*** Opening of Dataset content ***

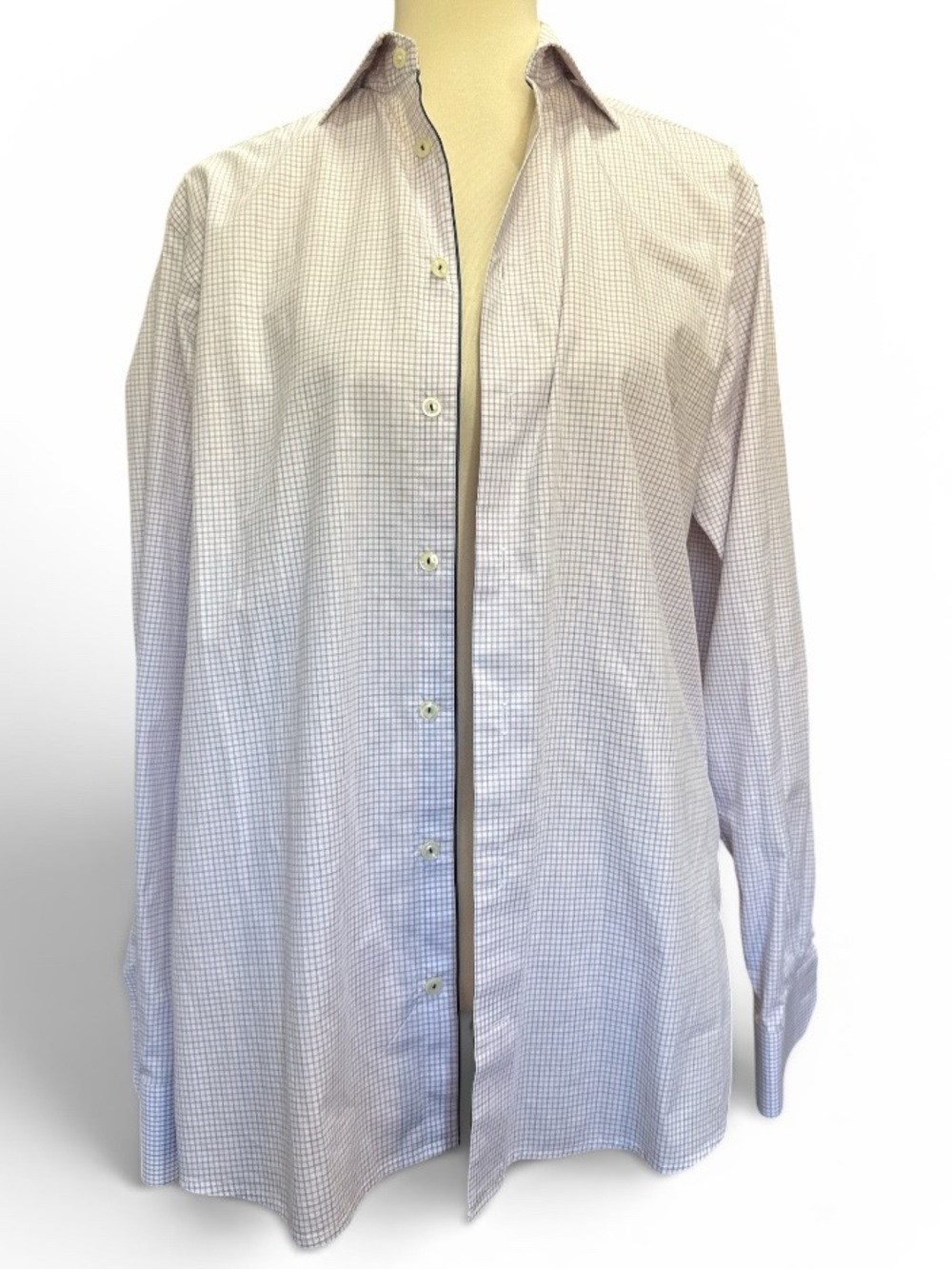 Eton Men's Dress Shirt in Blue and Red Micro-Check #579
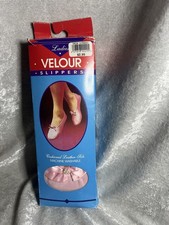Vintage Ladies Velour Slippers, Pink Cushioned Leather Sole, New In Box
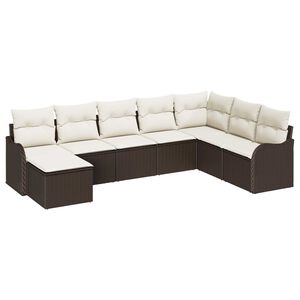 vidaXL Tuin Sofa Set met kussen 8 pcs Bruin en wit Poly riet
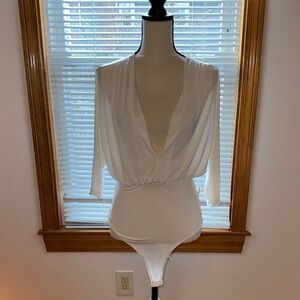 Fashion Nova White V-Neck Draped Long-Sleeve Bodysuit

*** Close of Dataset content ***

:: To do ::
A word-for-word copy of all the data, without pictures, is the expected output.

:: Task response ::
 Eton Men's Dress Shirt in Blue and Red Micro-Check #579
Vintage Ladies Velour Slippers, Pink Cushioned Leather Sole, New In Box
 vidaXL Tuin Sofa Set met kussen 8 pcs Bruin en wit Poly riet
 Fashion Nova White V-Neck Draped Long-Sleeve Bodysuit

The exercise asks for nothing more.